---------- Source data

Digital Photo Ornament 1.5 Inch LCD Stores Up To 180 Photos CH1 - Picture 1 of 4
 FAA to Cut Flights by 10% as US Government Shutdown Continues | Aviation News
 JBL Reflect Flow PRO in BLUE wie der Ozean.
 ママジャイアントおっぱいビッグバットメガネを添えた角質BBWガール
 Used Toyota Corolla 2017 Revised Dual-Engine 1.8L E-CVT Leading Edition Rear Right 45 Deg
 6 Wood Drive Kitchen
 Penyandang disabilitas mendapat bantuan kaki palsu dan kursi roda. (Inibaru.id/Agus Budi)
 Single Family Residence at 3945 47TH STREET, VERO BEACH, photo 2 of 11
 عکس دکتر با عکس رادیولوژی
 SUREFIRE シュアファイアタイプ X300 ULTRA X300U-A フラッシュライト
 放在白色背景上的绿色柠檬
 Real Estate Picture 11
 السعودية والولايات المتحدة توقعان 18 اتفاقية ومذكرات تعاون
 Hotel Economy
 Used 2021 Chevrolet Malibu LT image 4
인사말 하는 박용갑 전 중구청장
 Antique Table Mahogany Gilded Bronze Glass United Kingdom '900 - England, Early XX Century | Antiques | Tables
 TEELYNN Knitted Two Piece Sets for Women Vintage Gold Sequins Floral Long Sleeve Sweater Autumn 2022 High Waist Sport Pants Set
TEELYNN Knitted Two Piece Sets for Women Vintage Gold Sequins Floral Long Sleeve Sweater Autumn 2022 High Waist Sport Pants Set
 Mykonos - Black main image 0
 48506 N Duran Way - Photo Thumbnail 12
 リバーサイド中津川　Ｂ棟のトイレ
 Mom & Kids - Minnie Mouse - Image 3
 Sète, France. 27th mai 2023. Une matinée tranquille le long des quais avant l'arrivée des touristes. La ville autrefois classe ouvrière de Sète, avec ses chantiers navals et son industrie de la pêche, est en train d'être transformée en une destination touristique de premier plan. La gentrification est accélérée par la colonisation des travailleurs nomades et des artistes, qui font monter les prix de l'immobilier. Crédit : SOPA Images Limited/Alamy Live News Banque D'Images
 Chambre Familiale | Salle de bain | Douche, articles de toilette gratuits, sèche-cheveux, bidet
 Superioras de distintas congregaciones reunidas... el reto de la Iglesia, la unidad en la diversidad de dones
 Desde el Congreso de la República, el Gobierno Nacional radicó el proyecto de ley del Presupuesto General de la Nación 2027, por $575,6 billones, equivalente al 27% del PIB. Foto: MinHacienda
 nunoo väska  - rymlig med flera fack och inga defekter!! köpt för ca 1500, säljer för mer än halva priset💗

--------------------

What you should do: Take the lines above from the one containing "SUREFIRE シュアファイアタイプ X300" to the one containing "Mom & Kids - Minnie Mouse - Image 3" and retype them exactly, both ends included, with nothing added.

Finished task:
 SUREFIRE シュアファイアタイプ X300 ULTRA X300U-A フラッシュライト
 放在白色背景上的绿色柠檬
 Real Estate Picture 11
 السعودية والولايات المتحدة توقعان 18 اتفاقية ومذكرات تعاون
 Hotel Economy
 Used 2021 Chevrolet Malibu LT image 4
인사말 하는 박용갑 전 중구청장
 Antique Table Mahogany Gilded Bronze Glass United Kingdom '900 - England, Early XX Century | Antiques | Tables
 TEELYNN Knitted Two Piece Sets for Women Vintage Gold Sequins Floral Long Sleeve Sweater Autumn 2022 High Waist Sport Pants Set
TEELYNN Knitted Two Piece Sets for Women Vintage Gold Sequins Floral Long Sleeve Sweater Autumn 2022 High Waist Sport Pants Set
 Mykonos - Black main image 0
 48506 N Duran Way - Photo Thumbnail 12
 リバーサイド中津川　Ｂ棟のトイレ
 Mom & Kids - Minnie Mouse - Image 3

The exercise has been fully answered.